[Caption-style text data]

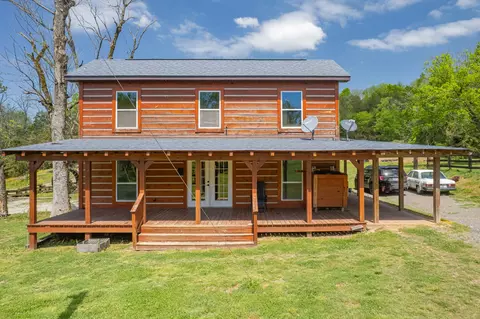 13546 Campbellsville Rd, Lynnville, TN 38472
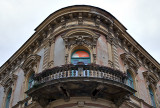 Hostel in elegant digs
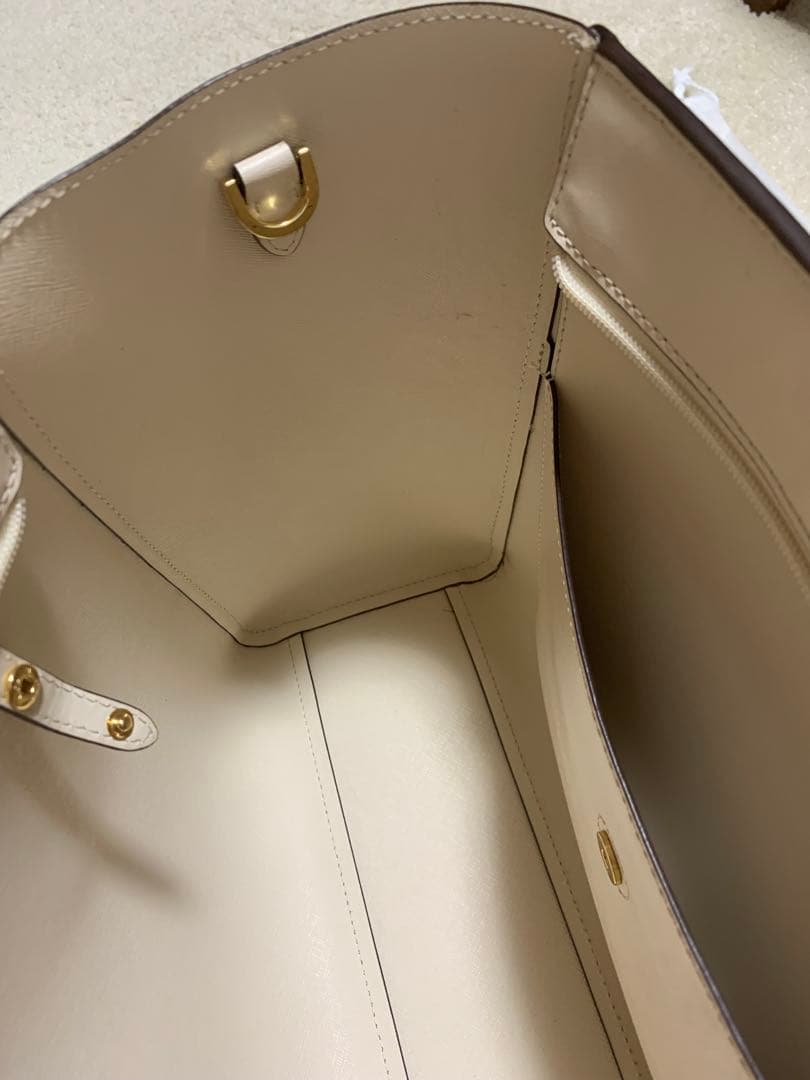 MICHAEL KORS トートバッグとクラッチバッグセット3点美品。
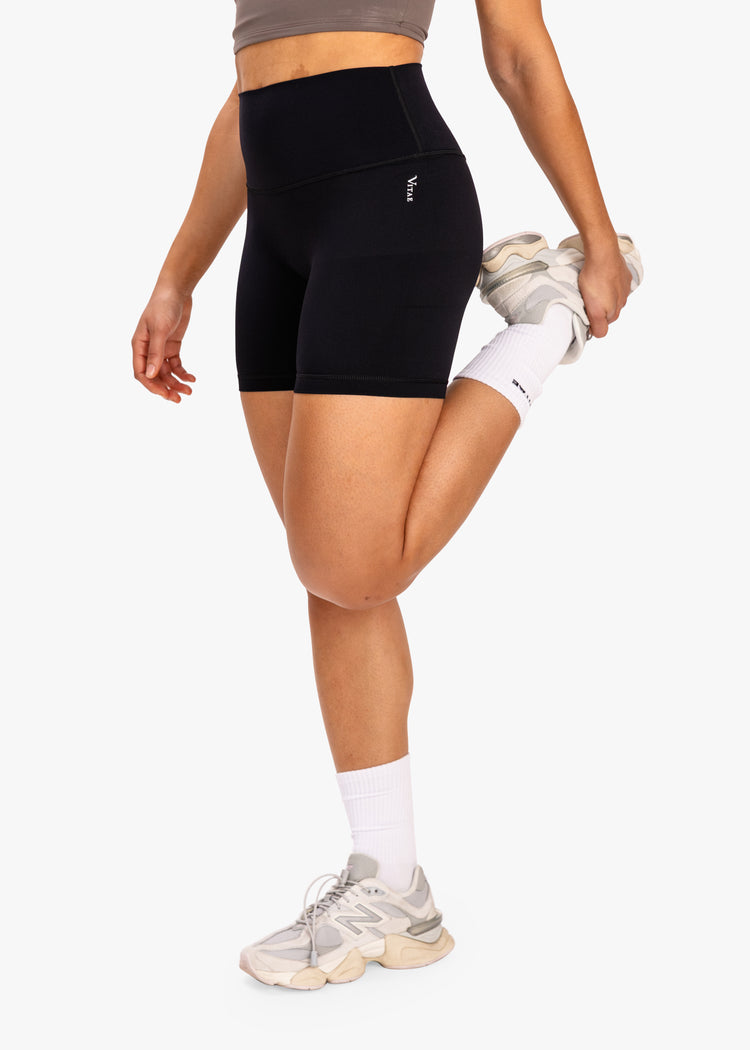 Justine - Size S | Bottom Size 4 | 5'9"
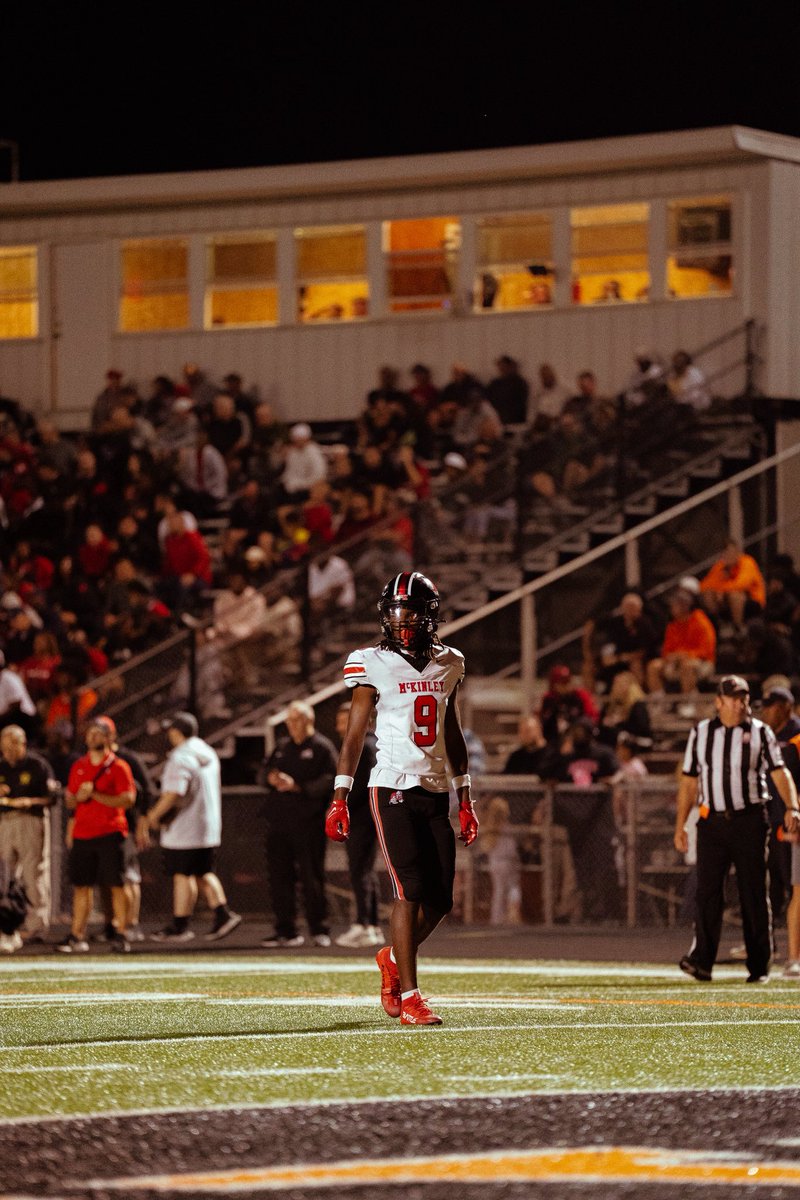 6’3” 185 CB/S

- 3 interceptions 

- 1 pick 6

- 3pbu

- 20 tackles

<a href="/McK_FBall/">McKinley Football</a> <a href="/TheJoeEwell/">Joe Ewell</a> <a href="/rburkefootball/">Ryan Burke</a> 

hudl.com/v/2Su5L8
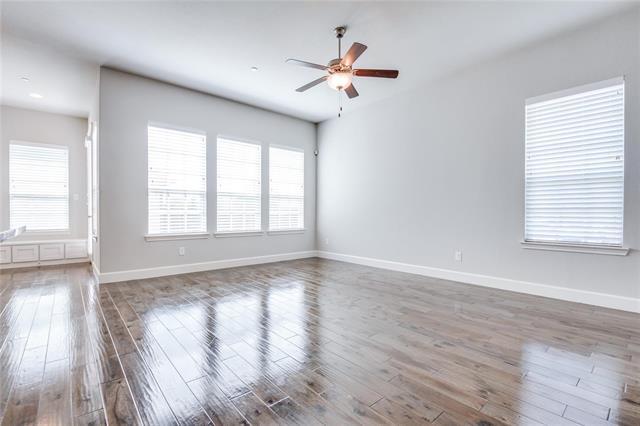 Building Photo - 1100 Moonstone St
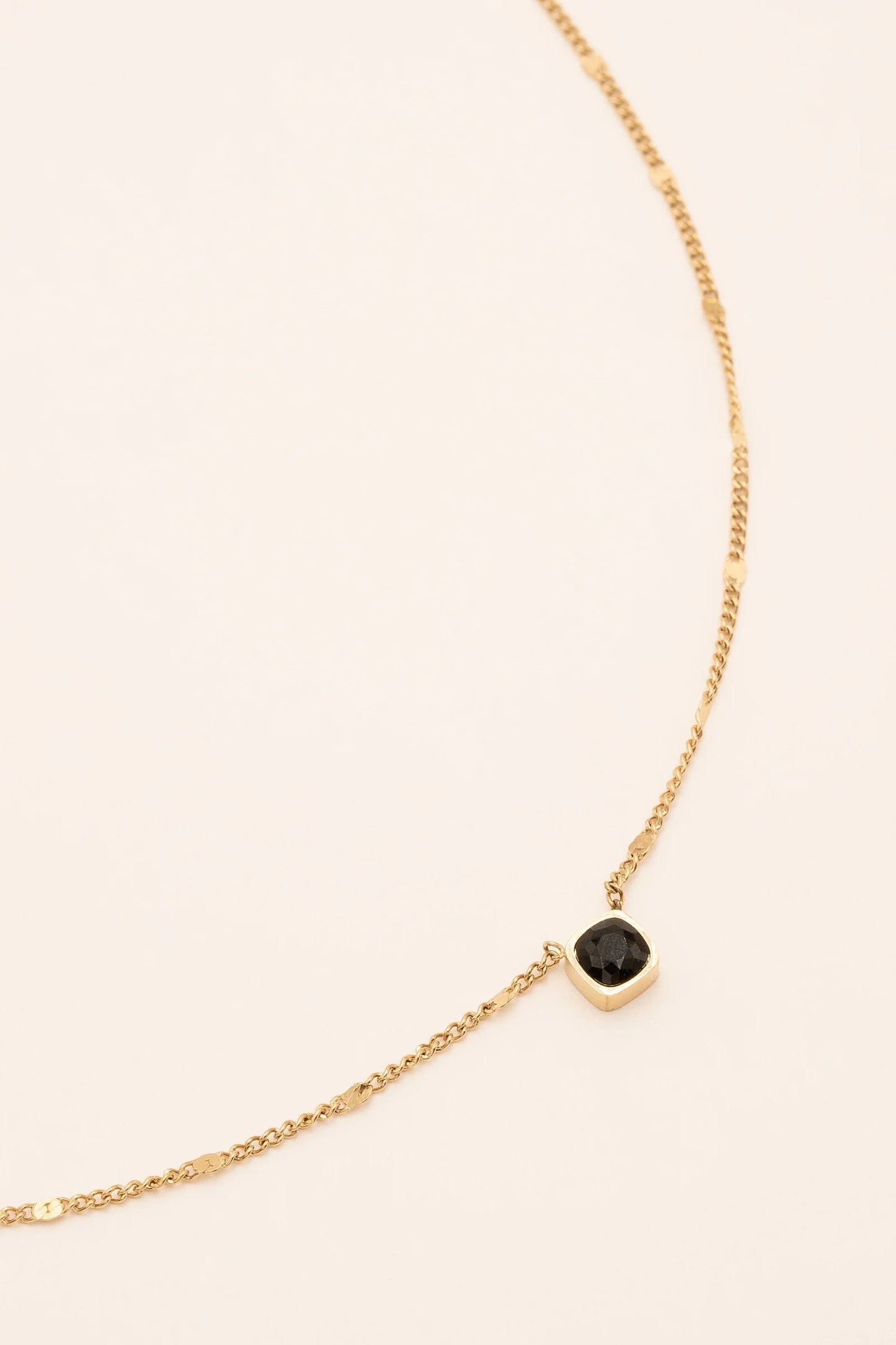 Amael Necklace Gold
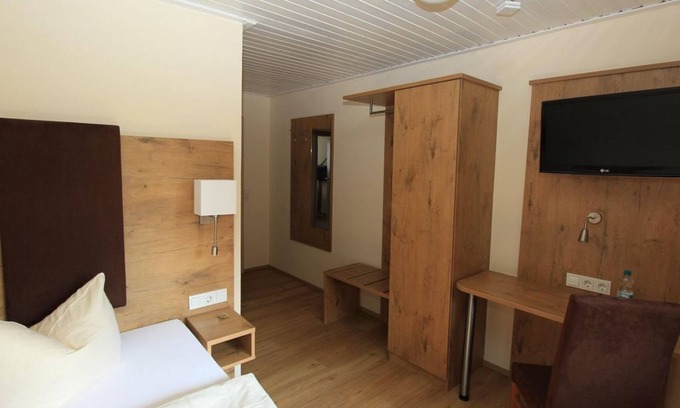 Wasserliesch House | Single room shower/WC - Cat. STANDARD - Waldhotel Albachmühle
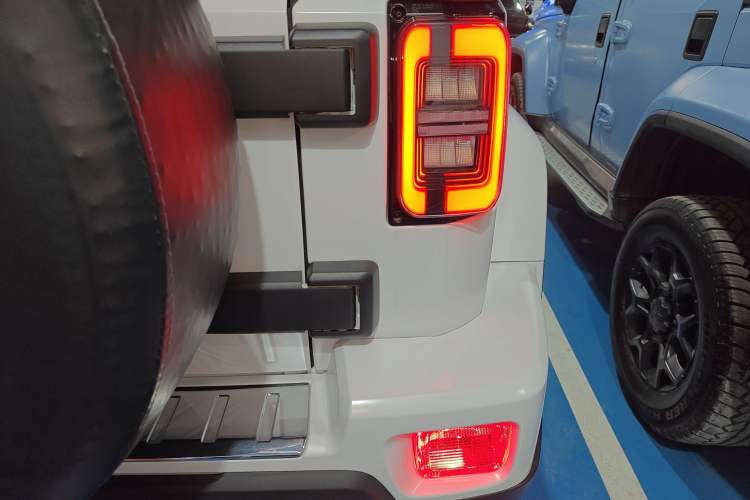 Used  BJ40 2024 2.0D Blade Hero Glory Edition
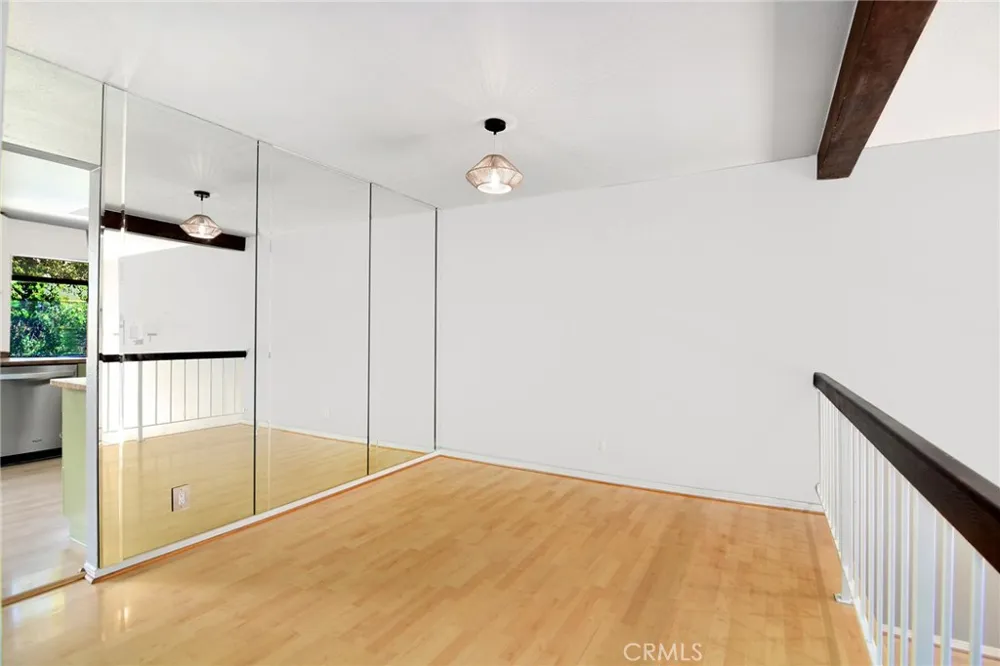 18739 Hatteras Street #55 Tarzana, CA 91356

= BRIEF =
Copy the lines from the line that contains "MICHAEL KORS トートバッグとクラッチバッグセット3点美品。" through the end of the records, exactly and with nothing added; leave the pictures out.

= RESULT OF THE EXERCISE =
 MICHAEL KORS トートバッグとクラッチバッグセット3点美品。
 Justine - Size S | Bottom Size 4 | 5'9"
 6’3” 185 CB/S

- 3 interceptions 

- 1 pick 6

- 3pbu

- 20 tackles

<a href="/McK_FBall/">McKinley Football</a> <a href="/TheJoeEwell/">Joe Ewell</a> <a href="/rburkefootball/">Ryan Burke</a> 

hudl.com/v/2Su5L8
 Building Photo - 1100 Moonstone St
 Amael Necklace Gold
 Wasserliesch House | Single room shower/WC - Cat. STANDARD - Waldhotel Albachmühle
 Used  BJ40 2024 2.0D Blade Hero Glory Edition
 18739 Hatteras Street #55 Tarzana, CA 91356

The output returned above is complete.